The Open Society Foundation’s Moving Walls project is an exhibition that showcases social documentary photography, giving selected photojournalists a way to share their work without the restraints normally imposed on them by editors, said Susan Meiselas, photographer and president of the Magnum Foundation, at a recent panel discussion hosted by the Tow Center for Digital Journalism.
Meiselas joined panelists Yukiko Yamagata, associate director of the Open Society Foundation’s Documentary Photography Project, and Edu Bayer, a Spanish documentary photographer whose work has been featured in many news outlets like The Guardian and The New York Times, and now the Moving Walls exhibit, to discuss hot topics surrounding the exhibit, including how the digital landscape affects the role of documentary photography in society.
Now on its 22nd exhibition, Moving Walls has served as a lifeline for documentary photographers, one needed in a field that receives increasingly less funding year by year, and faces a lack of dedicated outlets for showcasing these visual narratives. “What we were fighting for, even seven years ago, was more spaces to let that work live,” Meiselas said.
This year’s exhibit features the work of ten photojournalists and artists focusing on the effects of surveillance on society and how photography and surveillance intersect.
Hasan Elahi, an artist who was erroneously linked to terrorist activities leading to a drawn-out FBI investigation, has amassed a collection of over thirty thousand photos capturing countless mundane details of his daily life. Elahi has sent hundreds of these photos to the FBI each week to protest their surveillance of him. Bayer’s collection features photos of the abandoned Internet surveillance center of Libya’s former dictator Muammar al-Qaddafi, which Bayer photographed for the Wall Street Journal in 2011.

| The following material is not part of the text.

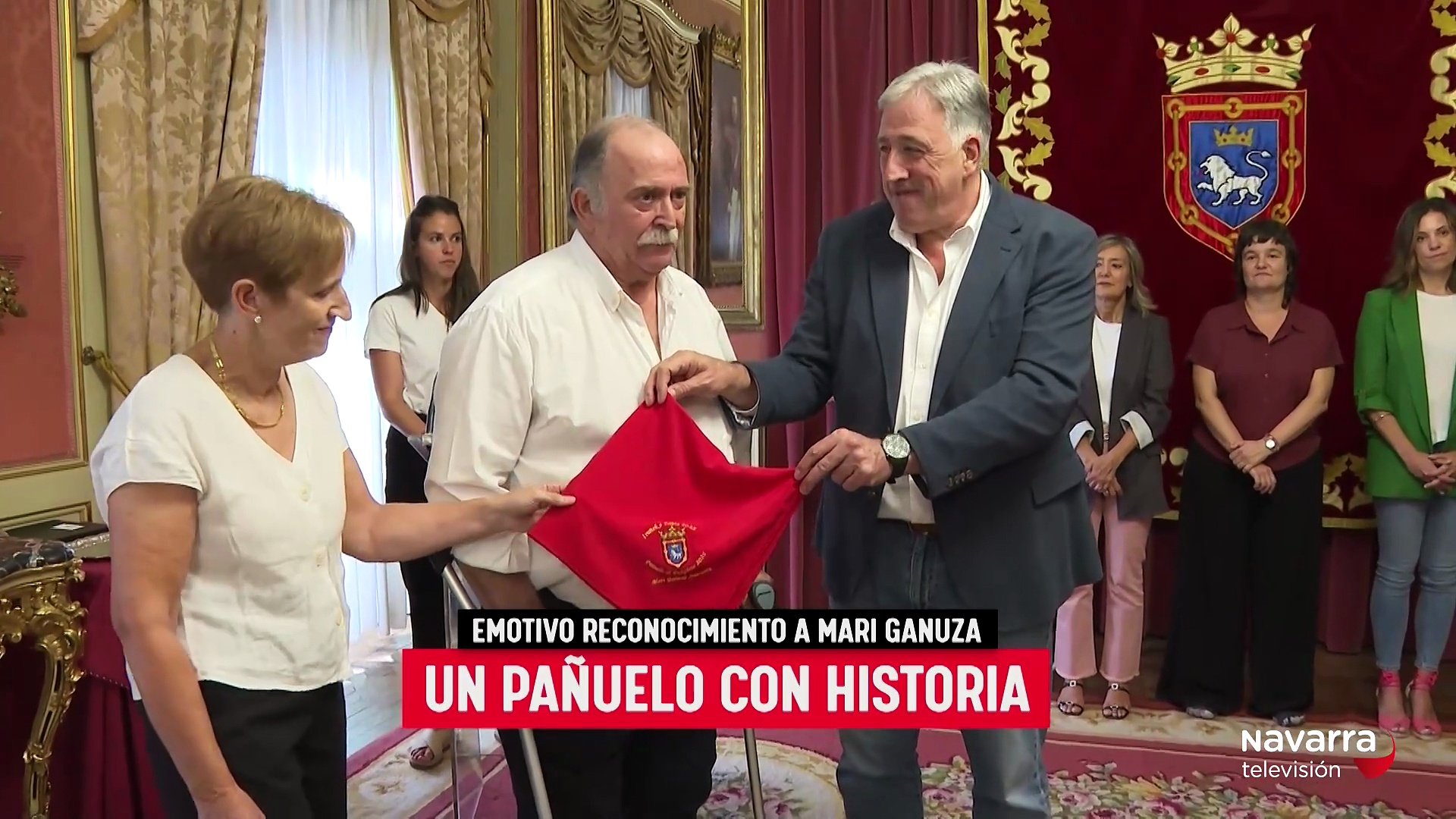 Noticias de Navarra 14.30h 08/09/2025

The setting of the talk brought up the age-old conversation for many writers and photographers - what’s considered art and what’s considered journalism.
“We’re sitting in a journalism school, and we all know that there's a tension between information and interpretation, between subjectivity and objectivity, and we’re asking [Bayer and the other photographers] to migrate to a different environment for a different kind of audience to process,” Meiselas said.
When photojournalists create content, they’re “invited into an artistic process,” Meiselas said, adding that photojournalism can be both informatively and artistically driven. When it comes to choosing between art and journalism, “it’s not a choice that you have to define yourself as one or the other,” she said.
The exhibit is free to the public and will be on display at the Open Society Foundation in New York through September 11.